The Basel III regulatory framework includes two quantitative liquidity requirements. The Liquidity Coverage Ratio (LCR) requires banks to hold sufficient high-quality liquid assets to meet a 30-day episode of systemic and idiosyncratic liquidity stress. The Net Stable Funding Ratio (NSFR) was originally designed to ensure that banks have sufficient liquidity to meet a one-year period of liquidity stress that is less severe than the stress assumed in the LCR. Although the official purpose of the NSFR was subsequently changed and is now obscure, the standard itself was not inherently changed, so we proceed under the assumption that the original purpose is still the actual purpose. In the U.S., the LCR has been adopted and effective as of January 2015, but the NSFR has only been proposed.

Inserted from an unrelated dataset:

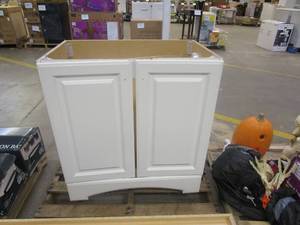 lot 598 image: Glacier Bay 30.50 in. W Bath Vanity in White (FRONT TOP BRACE BROKEN, NO TOP, CABINET ONLY)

This post describes how it would be possible to design a single liquidity regulation that could replace both the LCR and the NSFR simultaneously. This is not to say that the LCR and NSFR are redundant. They each serve a purpose. The stress inherent in the LCR is more severe than the NSFR, so it is possible to survive the NSFR stress for a year but not the LCR stress for 30 days. Conversely, it is also possible to be liquid at 30 days under the LCR stress but not make it to a year under the NSFR stress. Perhaps most importantly, having a 30-day requirement without a longer-term requirement provides an incentive for banks to bunch up their funding at 31 days, creating an undesirable funding cliff.
But both purposes can be achieved using one, not two, liquidity requirements, and that requirement would do a better job removing cliff effects. To see how, it is helpful to recognize two things:
First, as explained in detail in the box below (taken from Covas and Nelson (2016)) even though the LCR and NSFR appear quite different, apart from their different horizons and scenarios, their structure is algebraically the same. The LCR is built on information about the bank’s balance sheet and assumptions about inflows of bank liabilities and outflows of bank assets over a stress period. The NSFR is based on assumptions about the amount of assets and liabilities remaining after a stress period. Clearly, the amount of assets remaining is the current amount minus outflows. The amount of liabilities remaining is the current amount minus inflows.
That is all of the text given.